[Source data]
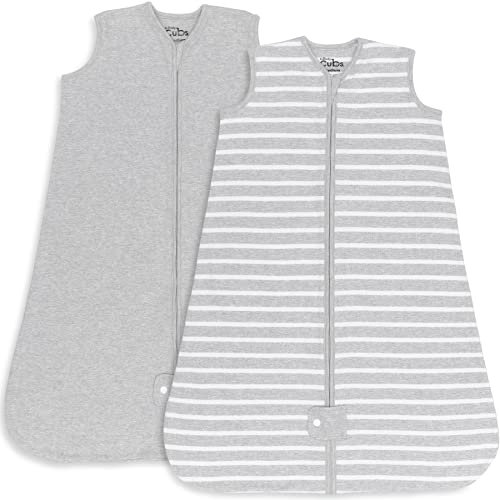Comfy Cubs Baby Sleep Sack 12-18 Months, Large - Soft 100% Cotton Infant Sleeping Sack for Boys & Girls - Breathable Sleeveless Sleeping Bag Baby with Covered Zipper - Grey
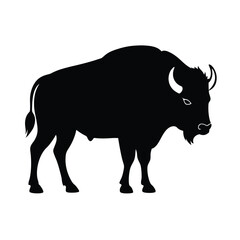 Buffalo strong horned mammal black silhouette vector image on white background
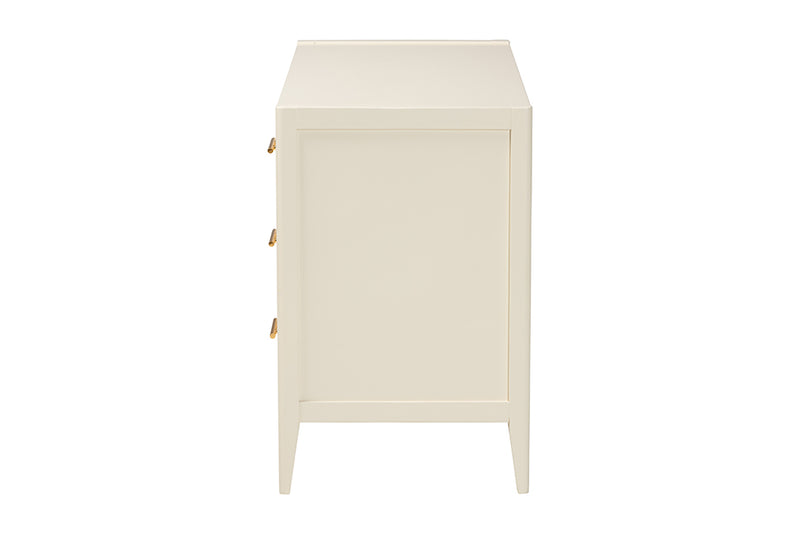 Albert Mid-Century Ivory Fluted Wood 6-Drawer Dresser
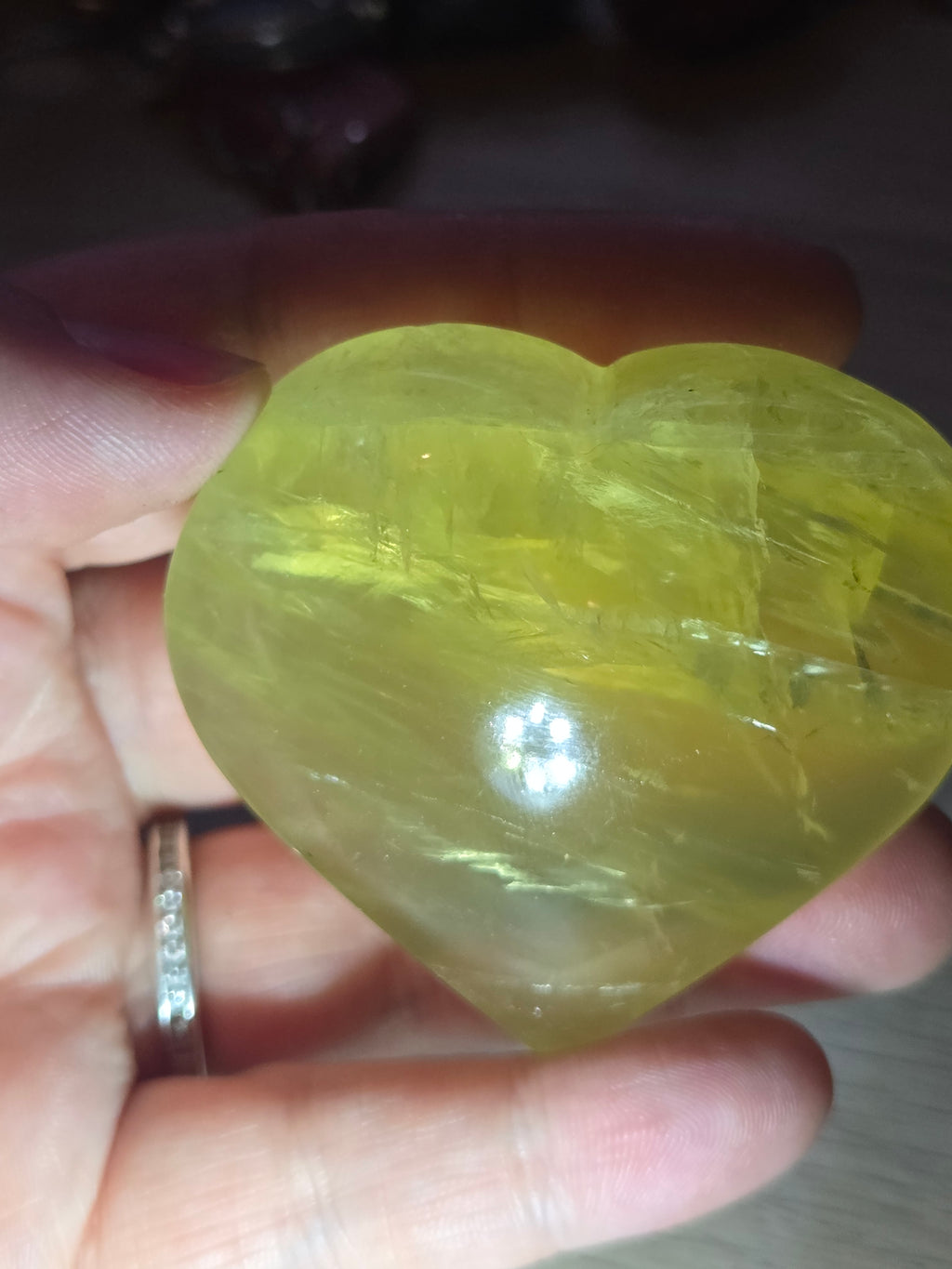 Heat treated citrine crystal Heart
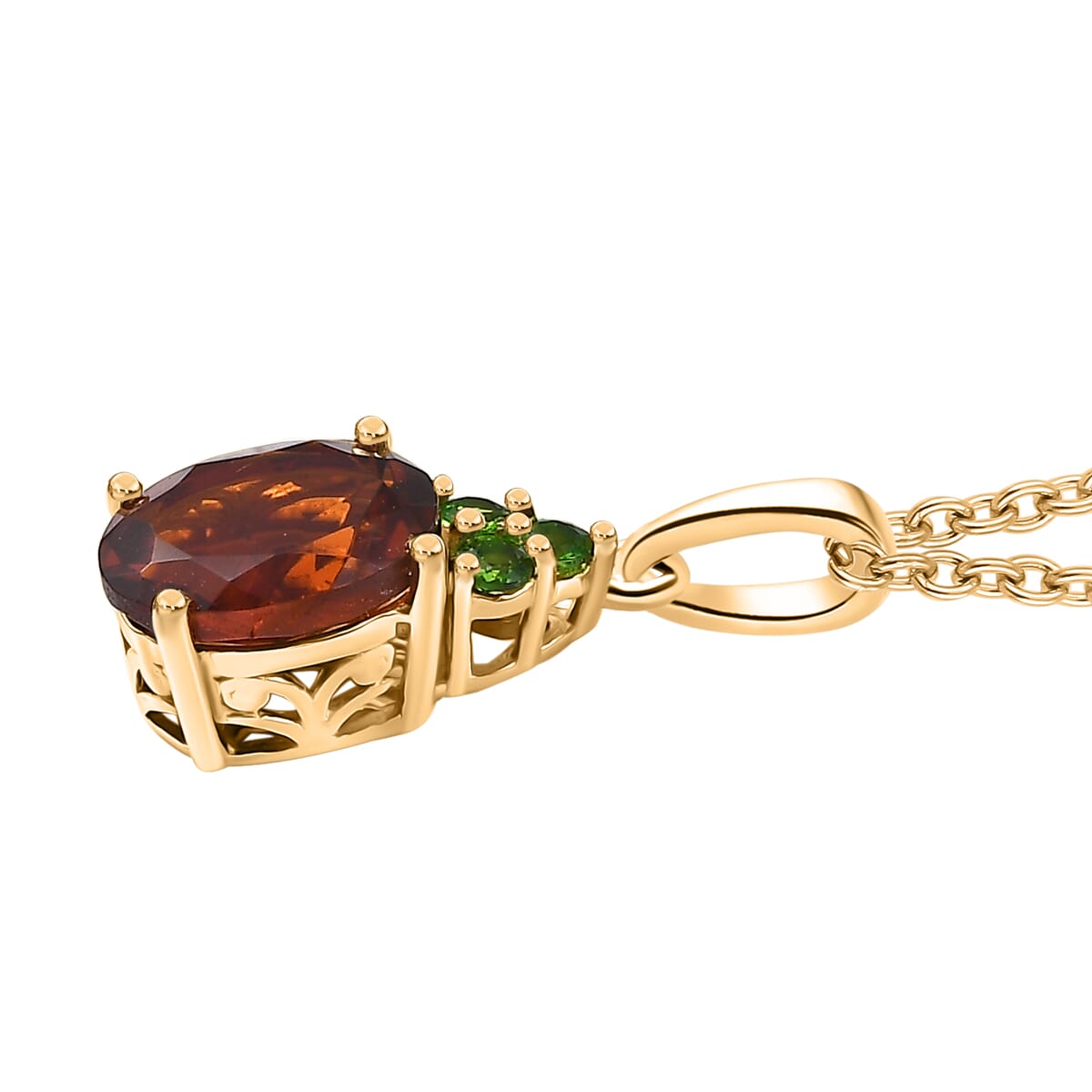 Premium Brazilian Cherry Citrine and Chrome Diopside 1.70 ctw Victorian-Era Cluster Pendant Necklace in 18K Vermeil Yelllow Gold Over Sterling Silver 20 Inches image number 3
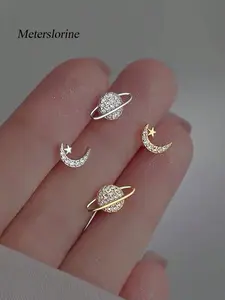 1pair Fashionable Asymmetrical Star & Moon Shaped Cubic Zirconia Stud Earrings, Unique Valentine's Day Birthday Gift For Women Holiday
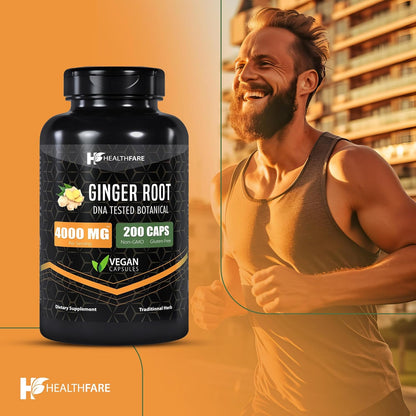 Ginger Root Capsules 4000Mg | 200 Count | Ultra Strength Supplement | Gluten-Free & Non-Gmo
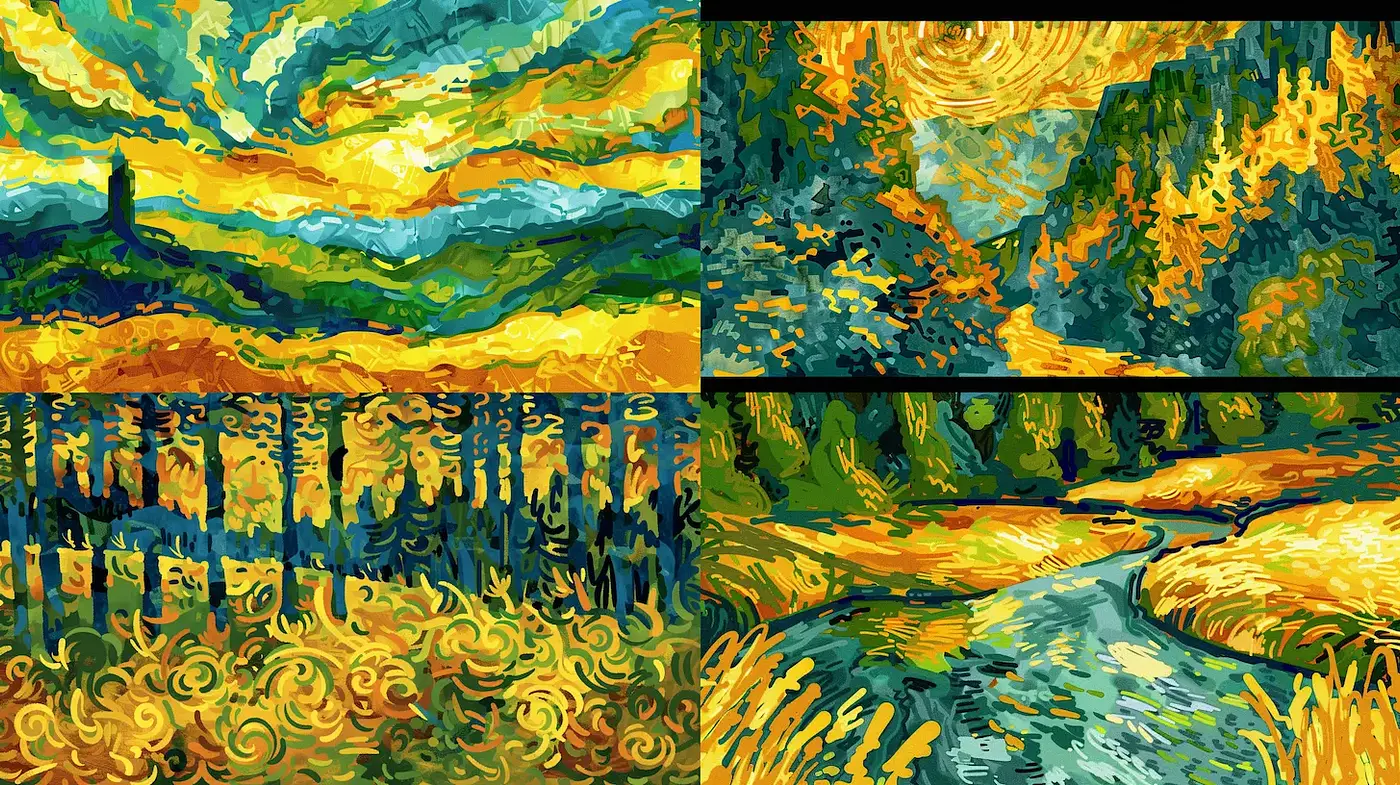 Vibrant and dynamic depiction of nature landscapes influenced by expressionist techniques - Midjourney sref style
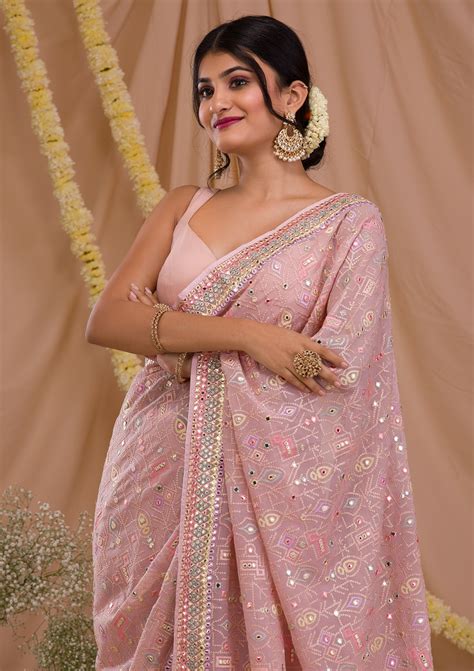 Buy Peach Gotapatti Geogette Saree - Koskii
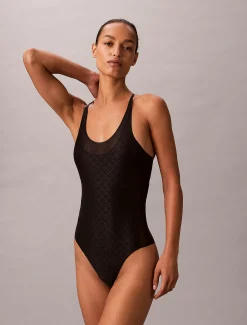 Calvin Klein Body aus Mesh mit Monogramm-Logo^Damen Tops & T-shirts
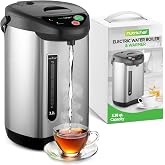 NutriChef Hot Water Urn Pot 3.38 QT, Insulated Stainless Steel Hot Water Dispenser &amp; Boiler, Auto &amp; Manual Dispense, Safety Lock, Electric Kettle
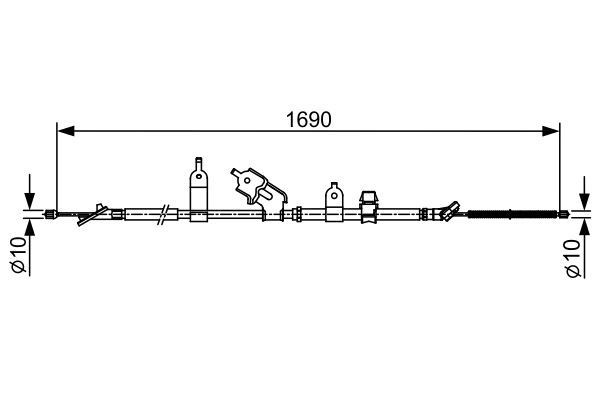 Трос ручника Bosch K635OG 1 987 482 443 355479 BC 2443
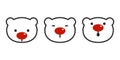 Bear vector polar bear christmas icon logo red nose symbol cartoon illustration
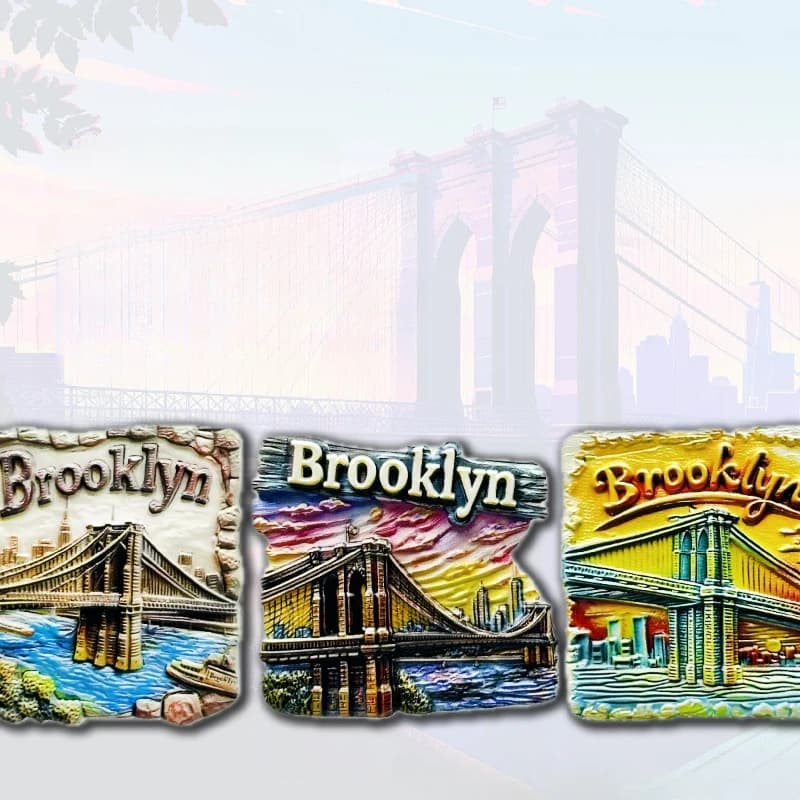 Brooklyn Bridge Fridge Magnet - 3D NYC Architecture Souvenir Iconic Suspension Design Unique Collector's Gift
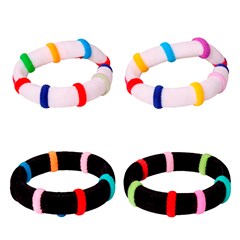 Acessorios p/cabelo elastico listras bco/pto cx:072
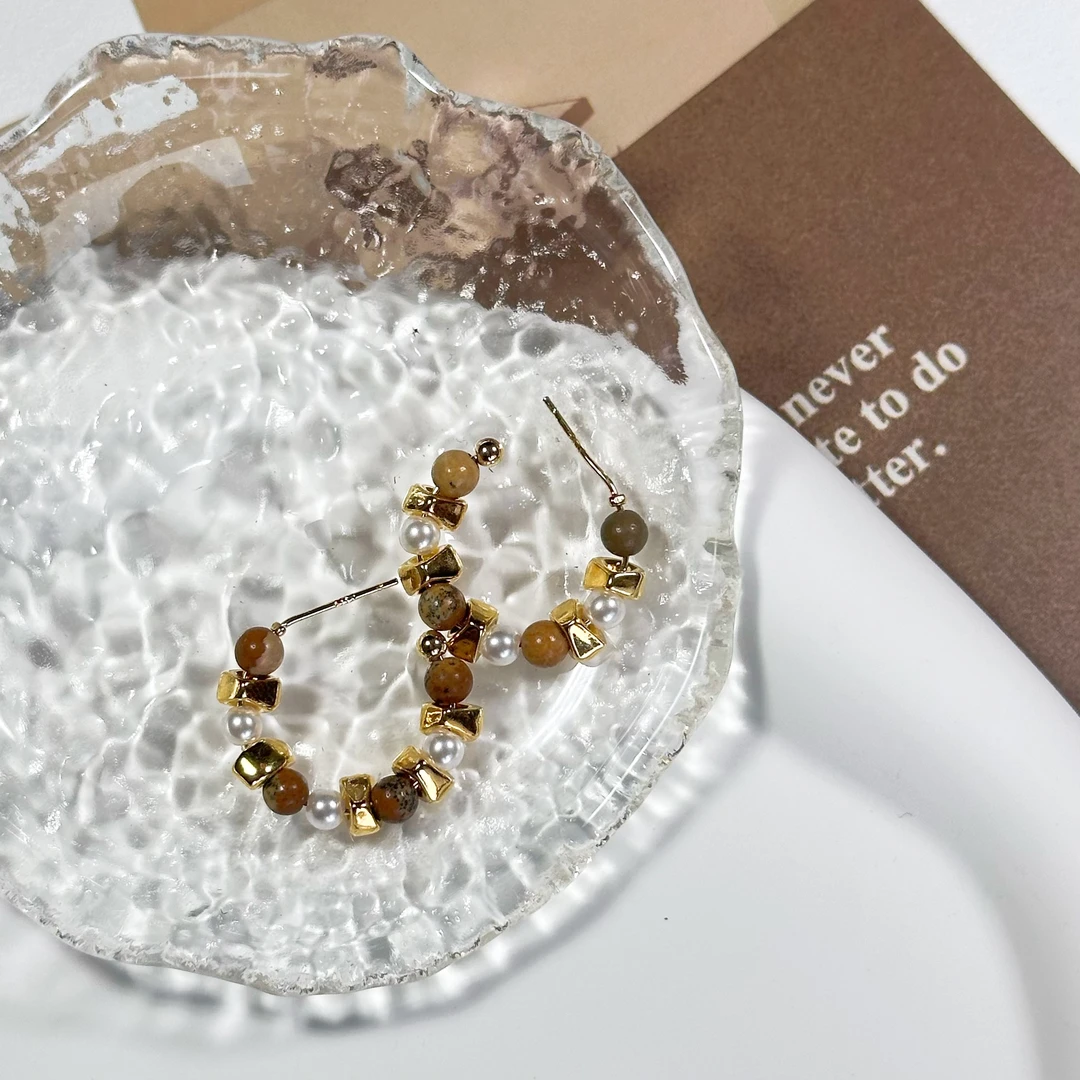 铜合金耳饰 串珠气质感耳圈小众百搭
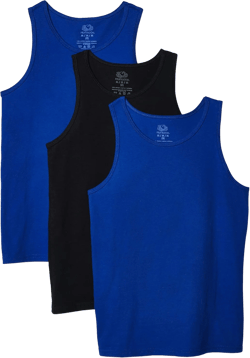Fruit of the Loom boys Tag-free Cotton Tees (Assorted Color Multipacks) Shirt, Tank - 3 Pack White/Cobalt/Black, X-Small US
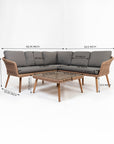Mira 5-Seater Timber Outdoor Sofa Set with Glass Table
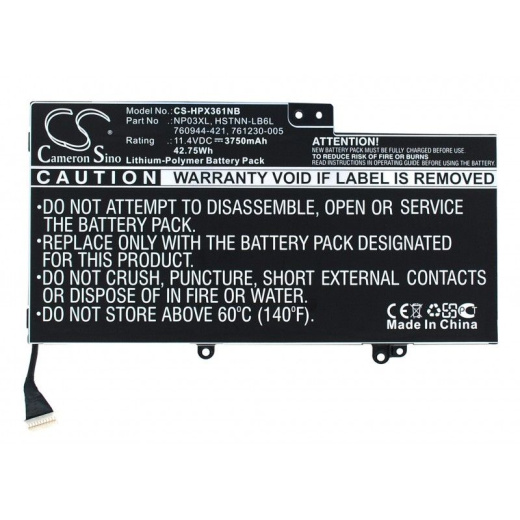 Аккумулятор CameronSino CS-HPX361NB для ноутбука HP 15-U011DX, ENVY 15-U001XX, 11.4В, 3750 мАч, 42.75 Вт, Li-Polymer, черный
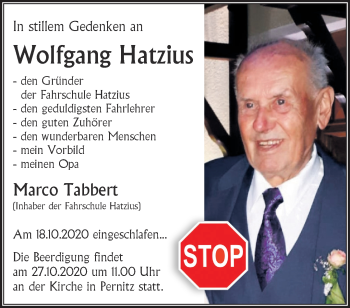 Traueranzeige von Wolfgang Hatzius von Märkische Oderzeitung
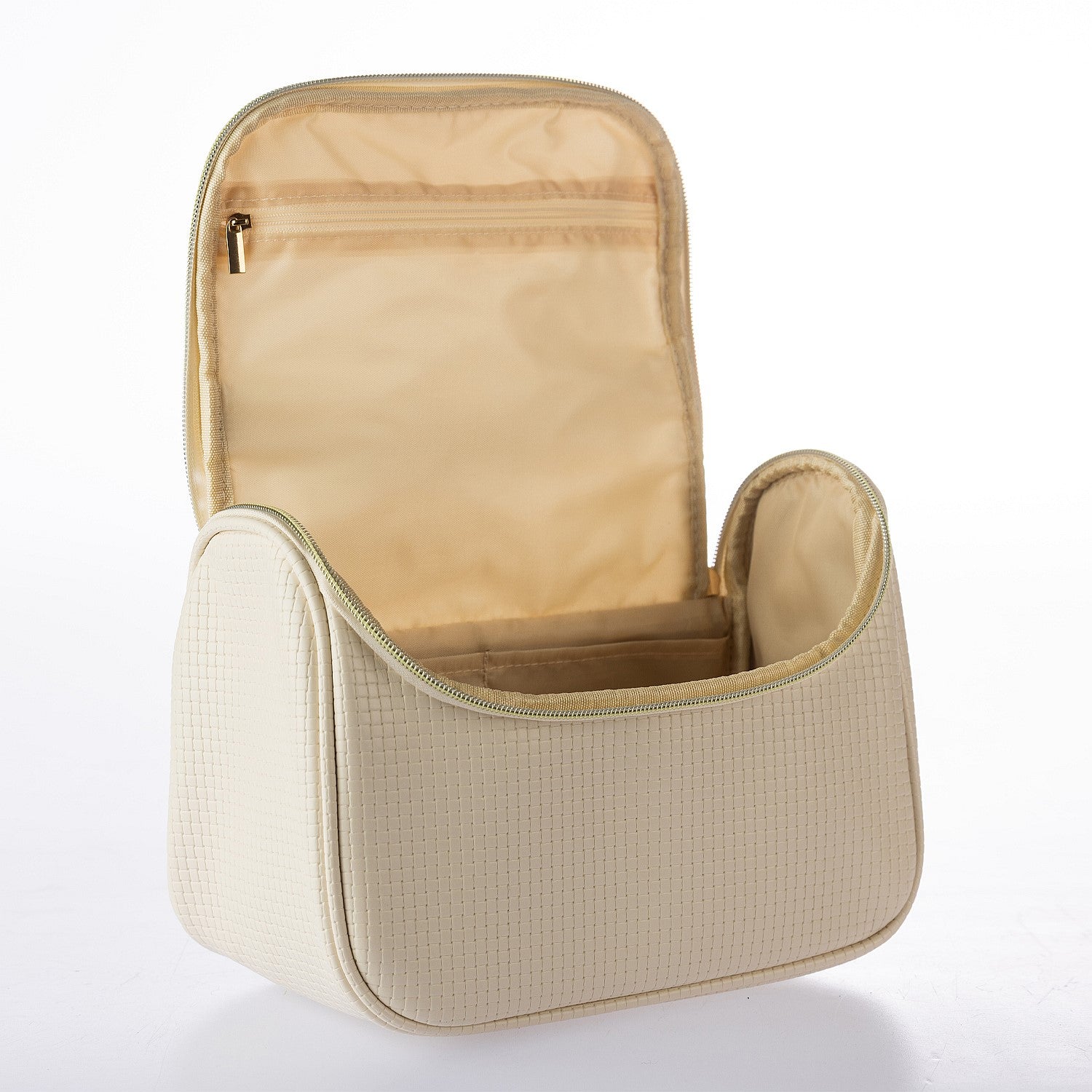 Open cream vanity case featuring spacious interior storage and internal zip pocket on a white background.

What is expected:
Both ends included, copy the lines from the one holding "Acessorios p/cabelo elastico" to the last line of the entries exactly, with all pictures left out.

Written response:
 Acessorios p/cabelo elastico listras bco/pto cx:072
 铜合金耳饰 串珠气质感耳圈小众百搭
Fruit of the Loom boys Tag-free Cotton Tees (Assorted Color Multipacks) Shirt, Tank - 3 Pack White/Cobalt/Black, X-Small US
Mira 5-Seater Timber Outdoor Sofa Set with Glass Table
 Аккумулятор CameronSino CS-HPX361NB для ноутбука HP 15-U011DX, ENVY 15-U001XX, 11.4В, 3750 мАч, 42.75 Вт, Li-Polymer, черный
 Traueranzeige von Wolfgang Hatzius von Märkische Oderzeitung
 Open cream vanity case featuring spacious interior storage and internal zip pocket on a white background.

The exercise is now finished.